The buy-to-let market has seen multiple changes in recent months, taking in tax relief, stamp duty, rental stress calculations and PRA rules for portfolio landlords. It is probably no surprise that borrowers are turning to areas that potentially mitigate these extra costs or rules.
As a result, both commercial and semi-commercial (mixed use) properties are becoming more popular, which could drive prices higher as landlords diversify into these areas, thus reducing availability of stock.
Demand for semi-commercial — such as where there is a shop with a flat(s) above — is particularly high, because it has many of the same benefits as a full commercial property.
We have seen an increase in people who own a shop seeking planning permission for flats above, or conversion of the shop into residential; and traditional BTL landlords are turning to commercial as an option to increase their portfolios.
Semi-commercial can also include residential flats above pubs, restaurants, hotels and garages.
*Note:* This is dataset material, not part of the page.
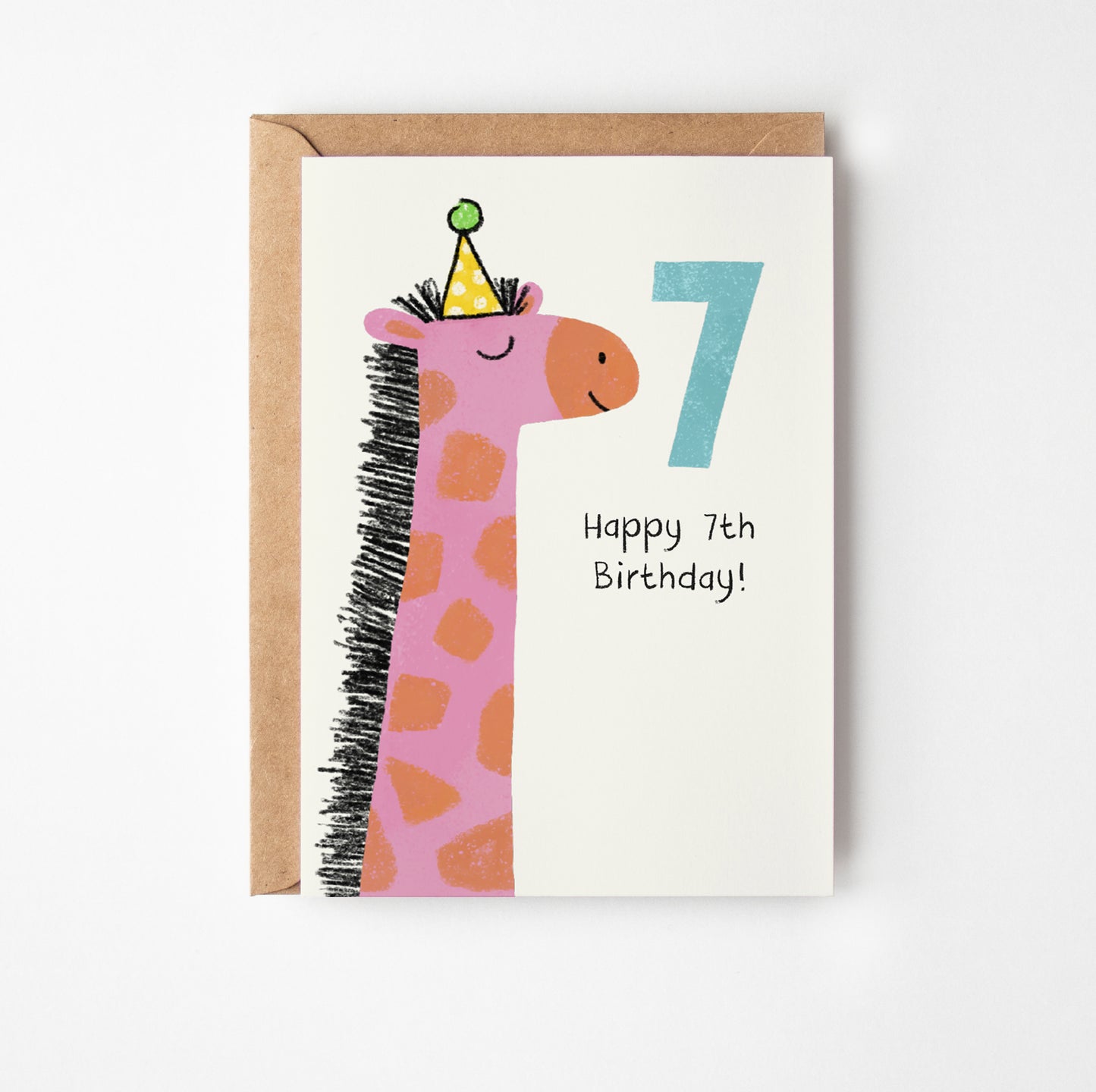 A greeting card with a kraft envelope, featuring a cute pink giraffe wearing a party hat next to a large number 7 and the text 'Happy 7th Birthday!' on a white card.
Even supermarkets are looking at how to create residential flats above their properties to capitalise on the shortage of housing in the UK. Many councils are happy to provide planning permission because it maximises brown-field sites while also helping them meet their new housing targets.
Semi-commercial seems to be a popular move for traditional BTL borrowers as they still have the residential element they know, with only a proportion of commercial. Many lenders too are comfortable with this if a borrower has a clear record of managing multiple BTL properties, and it is a smaller step than jumping into pure commercial.
Even supermarkets are looking at how to create residential flats above their properties
Commercial properties are exempt from the changes to mortgage interest relief so any commercial loan payments can still be offset against income in full before tax is calculated.
Semi-commercial also benefits from this on a proportionate basis, while both types of property gain from lower stamp duty costs. For example, on a property worth £250,000 a landlord would pay only 2 per cent stamp duty; this compares to 5 per cent with the additional 3 per cent second-property stamp duty surcharge.
They are also exempt from the PRA changes to rental calculations. If a borrower owns more than one property, the commercial lender may not stress test the background portfolio in the same way as a BTL lender.
The number of lenders entering this space is growing. There are two main types: high-street lenders and specialist commercial lenders or challenger banks.
High-street commercial rates tend to be lower, sitting around just 3–4 per cent now. However, this comes with more conditions and lower loan-to-values — usually a maximum of 60–65 per cent LTV, although commercial trading business loans go up to 80 per cent. Most high-street lenders offer only full repayment mortgages, often linked to a tenancy agreement. They will also want to meet your client to really understand the proposition.
Growing numbers of specialist lenders are providing commercial loans, but they tend to have more limited distribution. They are, however, more flexible over what they lend upon, with more streamlined underwriting, and terms are not always linked to a tenancy agreement. This means they lend at higher LTVs, sometimes up to 75 per cent and interest-only, but rates are higher as a result, reflecting the higher risk involved.
Some specialist lenders also offer second charges and bridging loans and the broker is more in control of the overall process than with a high-street lender.
Commercial property lets enable a business to occupy the property rather than an individual. The term of the let is usually a minimum of three years but sometimes as long as 10–20 years.
As with BTL, the affordability of the loan is based on the quality of the tenant, and on the rent and length of the agreement. Typically, a lender will be less cautious if the tenant is a big blue-chip company rather than a start-up or small business.
Ultimately, all lenders want evidence that the borrower has experience and knows what they are doing, so many of the underwriting requirements for a commercial loan are similar to what is now required under the PRA rules for portfolio landlords.